The Harley-Davidson Riding Academy entailed two evenings in the classroom and two days of riding with discussion time during and after. The class ends with a practice run at the Illinois motorcycle license test – both written and riding. The instructors provide helpful feedback along each step of the process and the learning is extremely individualized.
While I definitely need more practice before I hit the road, I went from never riding before to weaving between cones, shifting gears, trying out counter-steering and genuinely riding on my own in the course of just two days. My mom, who took the class with me, also successfully passed thanks to the excellent teaching and curriculum Harley-Davidson offers. It just goes to show, whether you’re 20 or 50, riding can be for anyone.
Given the alarming statistics involving accidents and fatalities of self-taught riders, I would recommend this class to anyone looking to officially get their motorcycle license as either a beginner or experienced rider.

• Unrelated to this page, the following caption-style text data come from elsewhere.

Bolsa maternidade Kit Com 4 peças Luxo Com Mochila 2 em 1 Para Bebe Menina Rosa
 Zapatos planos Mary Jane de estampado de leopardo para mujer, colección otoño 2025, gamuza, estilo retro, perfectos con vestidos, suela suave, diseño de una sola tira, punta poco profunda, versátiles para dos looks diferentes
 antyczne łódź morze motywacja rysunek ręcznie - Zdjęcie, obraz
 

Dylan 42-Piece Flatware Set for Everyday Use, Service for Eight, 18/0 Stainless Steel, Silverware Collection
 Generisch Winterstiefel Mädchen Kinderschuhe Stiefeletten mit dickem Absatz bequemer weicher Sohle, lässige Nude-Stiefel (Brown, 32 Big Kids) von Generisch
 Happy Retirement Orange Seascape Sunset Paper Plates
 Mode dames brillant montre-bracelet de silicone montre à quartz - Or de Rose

Even if you have been on the road for years, you may be practicing some poor or unsafe habits without even realizing. If you have never ridden before, it is in your best interest to start out in with the safest skill set possible. The purpose of the Harley-Davidson Riding Academy is to get more motorcyclists on the road and to keep them there for many years to come by introducing safe riding habits and skills. I definitely feel confident in my ability to flourish as a rider in the coming months and years thanks to the excellent foundation I was given in this course.
If you’re looking to get into riding, I cannot recommend this course enough. It is thorough and comprehensive, but still extremely individualized. What’s more, it will give you a feel for the supportive nature of the riding community. My mom and I grabbed lunch with one of the other ladies in our class, we were congratulated by random people walking around the dealership, and others who had taken the class before were absolutely thrilled to see we were learning. While it was a little nerve-wracking, taking this major step in learning how to ride only makes me excited for the journey to come.
As my instructor explained on Sunday, the class is meant to be a “celebration of knowledge” by the end of the weekend. Overall, they’re teaching you the steps it takes to ride safe and smart while ensuring you “enjoy the ride”.